My mother is a musician and teacher, and like most in the performing arts has required multiple jobs to be financially stable.  Because of this, she had until her recent retirement, been a lifelong church organist and choir director, largely theologically affiliated with whichever denomination she happened to be working for. Consequently, this meant that I/we had to accept (or at least appear to accept) whatever the dogma was of each particular church.  My father, an intellectual, raised in the same Methodist-Episcopal church that my mother was, had largely rejected religious belief for scientific theory by the time I came along. So, in order to get one on one dad time I often spent Sunday mornings at home with dad. We cooked and baked, watched woodworking shows on PBS, and played with Silly Putty and the Sunday comics.


But I also went with her on just as many, if not more, Sunday mornings because I was drawn to the mysteries of religion and faith.  I have memories of almost every church my mom has worked for, including but not limited to: Methodist, Episcopal, Congregational, United Church of Christ (UCC), Methodist-UCC, American Baptist, and Presbyterian. And each denomination reflects at least 2 separate churches that I attended with her. Thanks to the bohemian area I grew up in I also learned from Catholics, agnostics, atheists, buddhists, and new age weirdos from the 1970's and 1980's.  It was a religious whirlwind, and in looking back on it I can see this as a large reason for my theological and seminary studies.


As a result of these jobs, I did not have a specific set of Christian practices as a child until I was 8 years old.  It was a UCC church, one town over from mine, where my mother gained employment and stayed for almost nine years.  This was, I believe at the time, a record for her, and I suppose that it was a lucky break for me.  It was where I was exposed to an open and loving G-d.  A G-d that had more to do with social justice and helping others, instead of judging and blaming those who were different.  It was a safe space for me, and I was able to find my inner self without fearing that what I found would be wrong.  It was the place I met my future wife when we were both eleven years old.  I made many friends, and was taken in by several of the families and given life experiences in homes that were completely unlike mine.
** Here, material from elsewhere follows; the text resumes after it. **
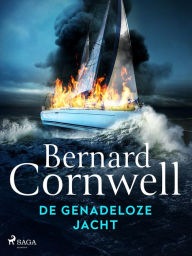 Title: De genadeloze jacht, Author: Bernard Cornwell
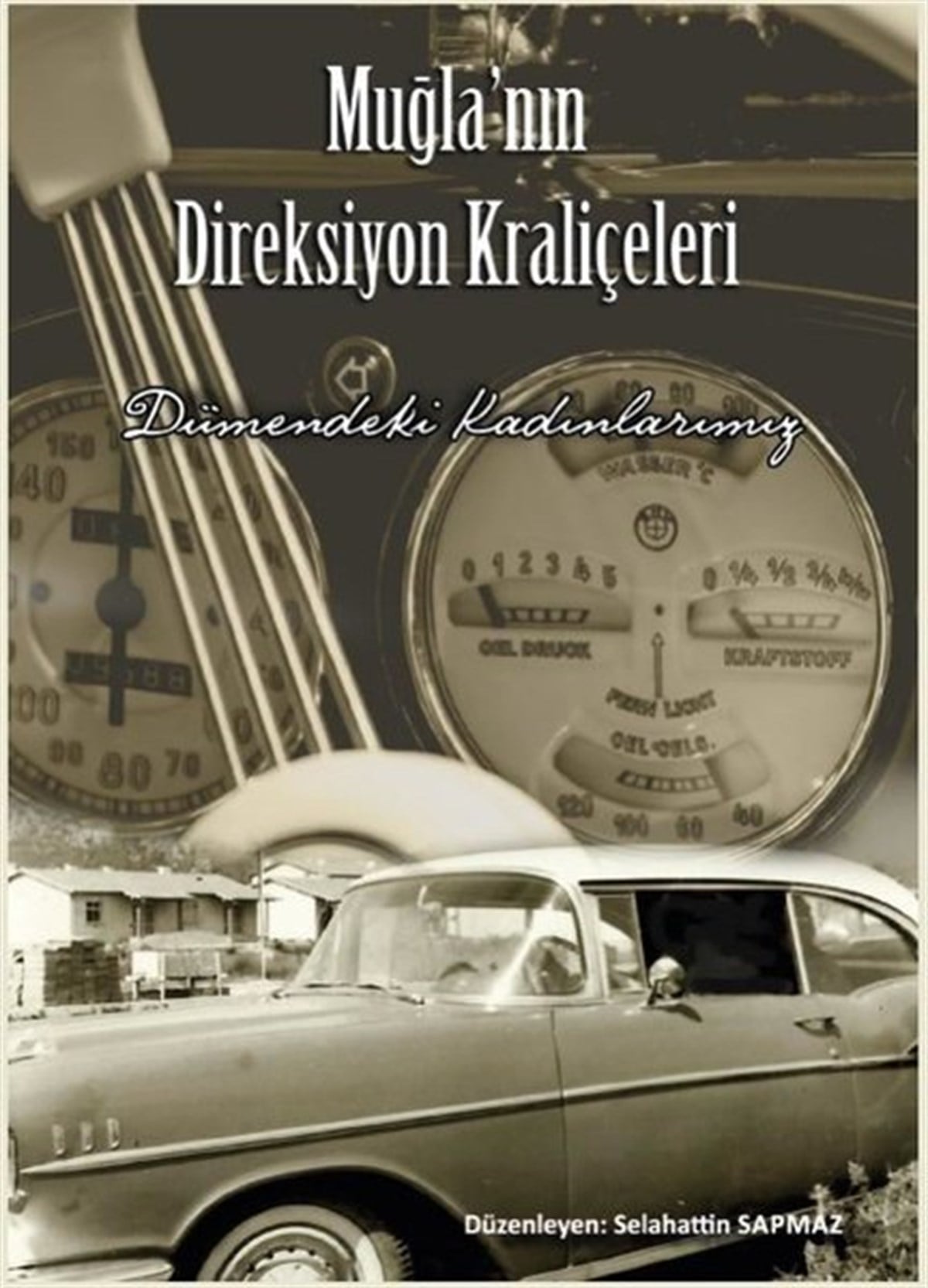 KolektifAnı & Mektup & Günlük KitaplarıMuğla'nın Direksiyon Kraliçeleri - Dümendeki Kadınlarımız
I was blessed during those years, even when it didn't feel that way.


The truth was that sometimes, no, almost every time, I wanted more.  I wanted to go to youth group.  I wanted to go through confirmation classes.  I wanted to hang out with my friends from church.  I wanted to be a fully participatory member of the group.  But I never was.  At the end of the day, it was still a job for my mother, and no matter how invested I was in aspects of the community, I had to miss out on one thing or another because she needed to go home.  The work day was over. And since the "fun" stuff often happened on Sunday nights, driving 30 minutes roundtrip, messing up family routines, and getting ready for the coming week created a solid barrier to those activities.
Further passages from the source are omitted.